EXCERPTED RECORDS: Begin
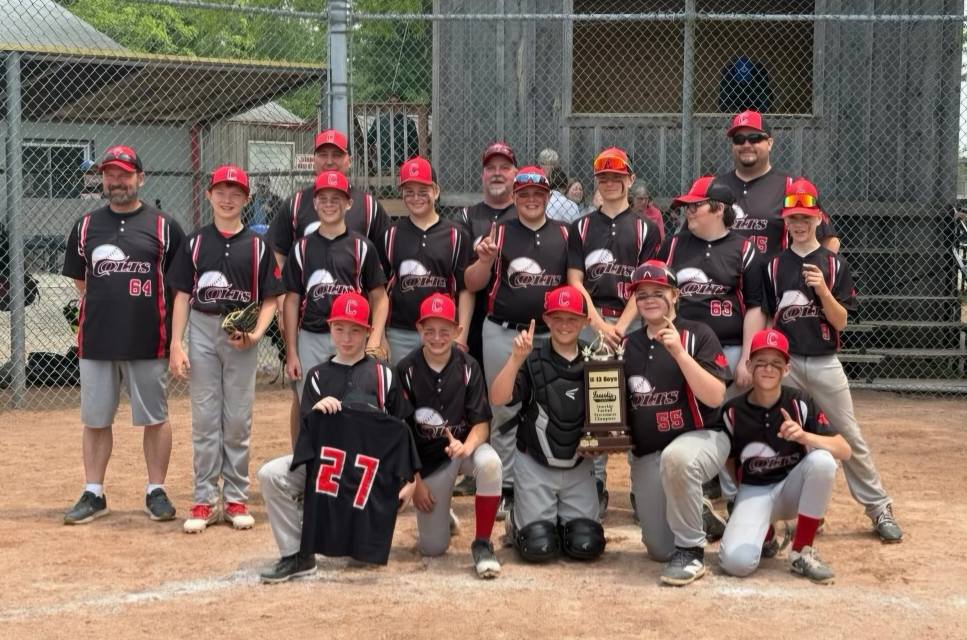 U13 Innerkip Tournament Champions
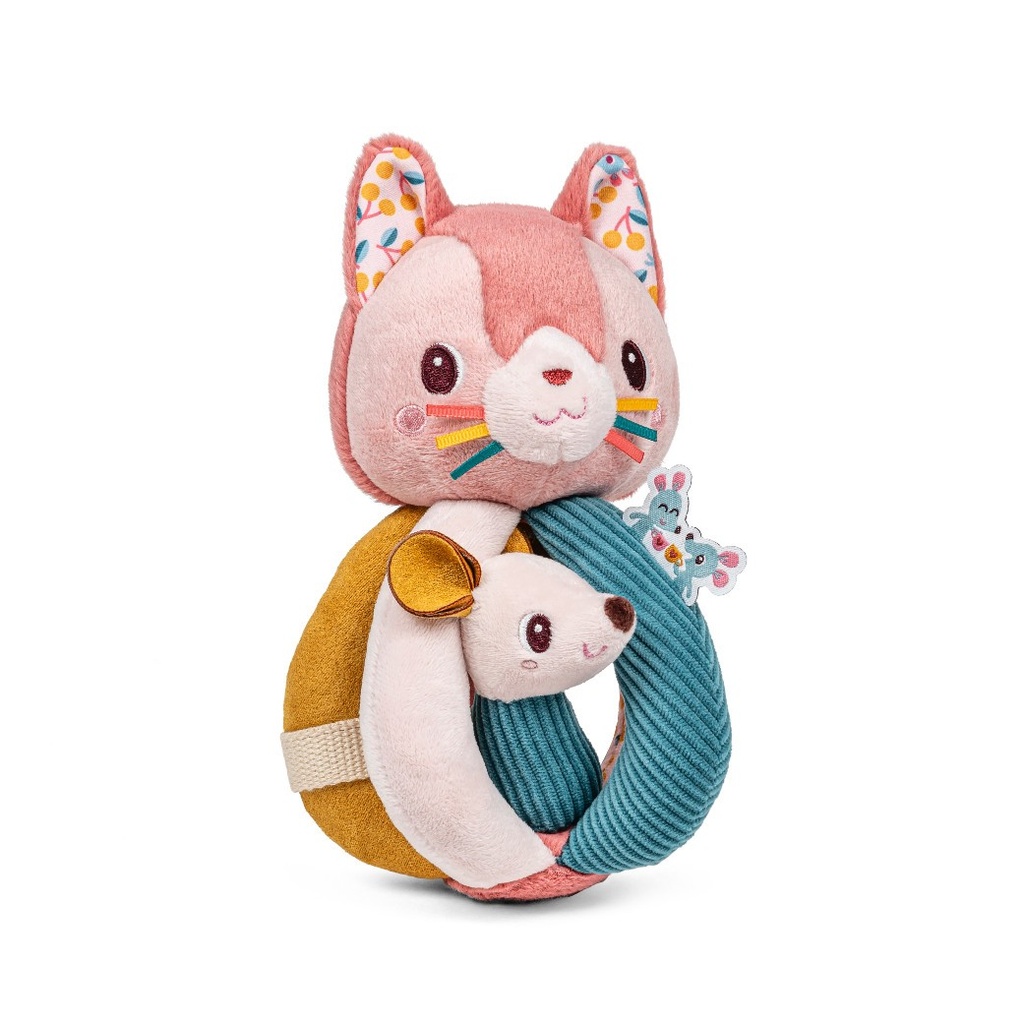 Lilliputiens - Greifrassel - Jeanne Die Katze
EXCERPTED RECORDS: End
EXCERPTED RECORDS: Begin
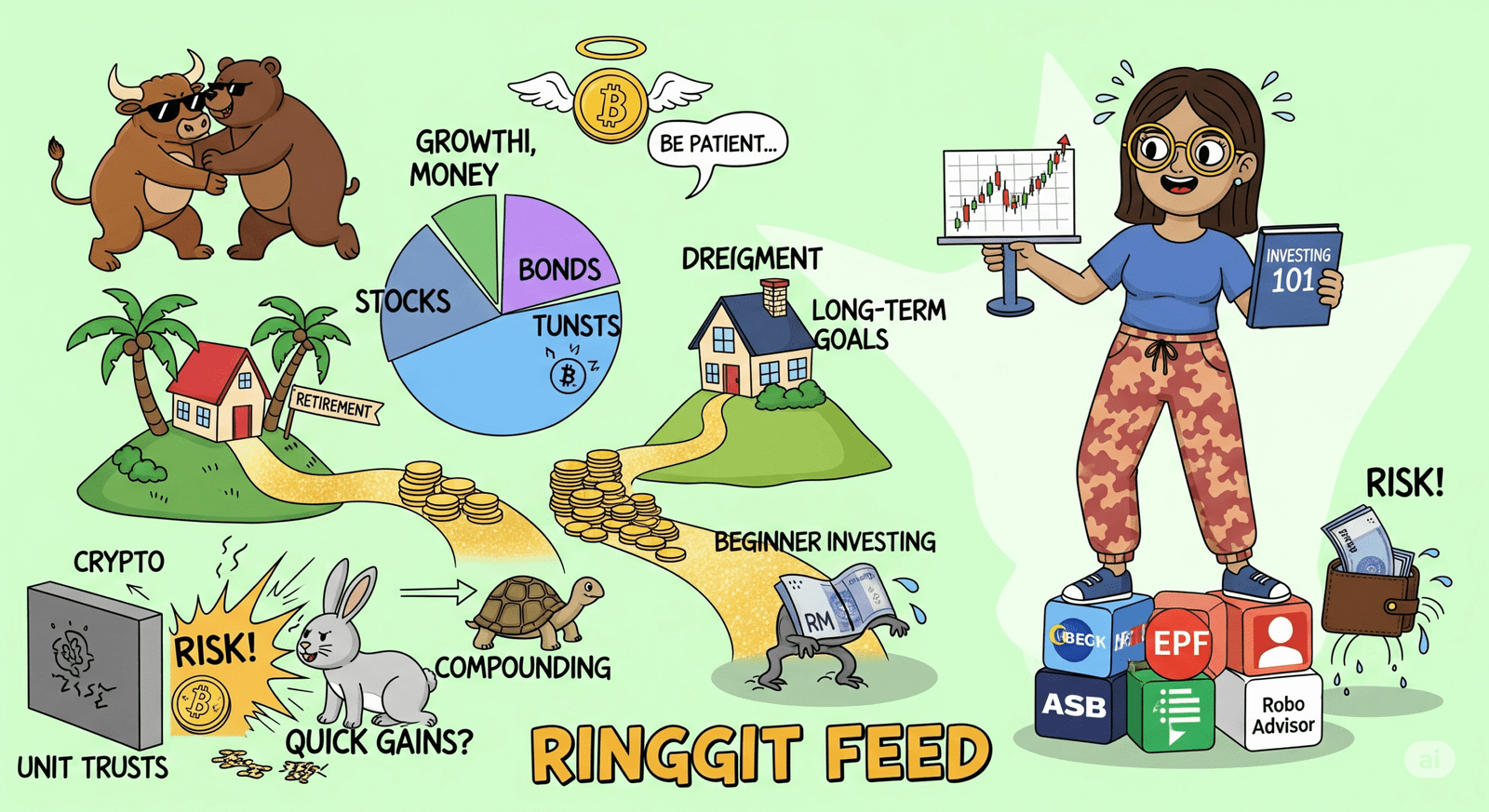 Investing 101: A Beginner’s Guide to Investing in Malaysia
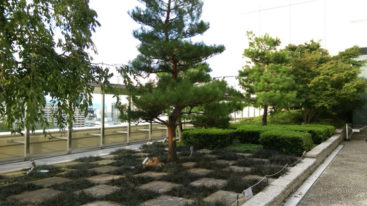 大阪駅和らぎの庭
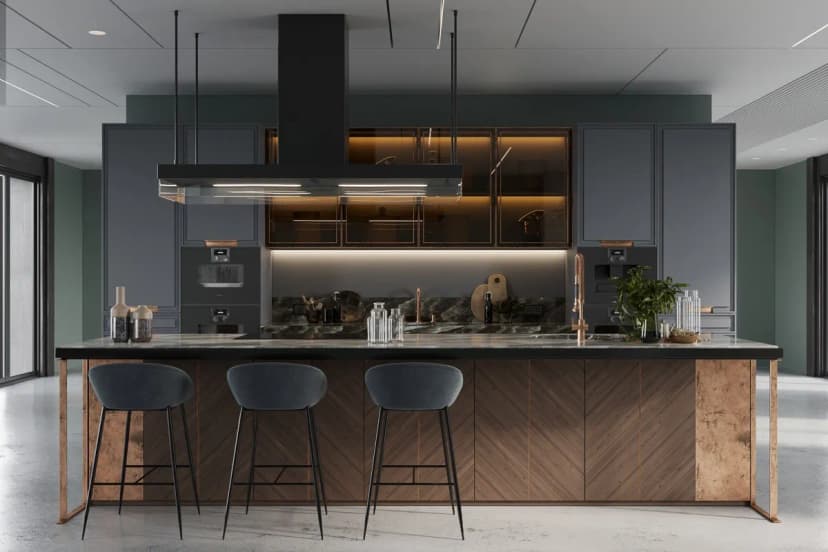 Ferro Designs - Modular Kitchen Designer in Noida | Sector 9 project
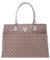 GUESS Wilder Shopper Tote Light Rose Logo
EXCERPTED RECORDS: End
=== WHAT YOU ARE ASKED TO DO ===
Go back to the lines above and output, exactly as they stand, the ones from the line containing "U13 Innerkip Tournament Champions" to the line containing "Lilliputiens - Greifrassel". Leave all pictures behind.

=== THE COMPLETED TASK ===
 U13 Innerkip Tournament Champions
 Lilliputiens - Greifrassel - Jeanne Die Katze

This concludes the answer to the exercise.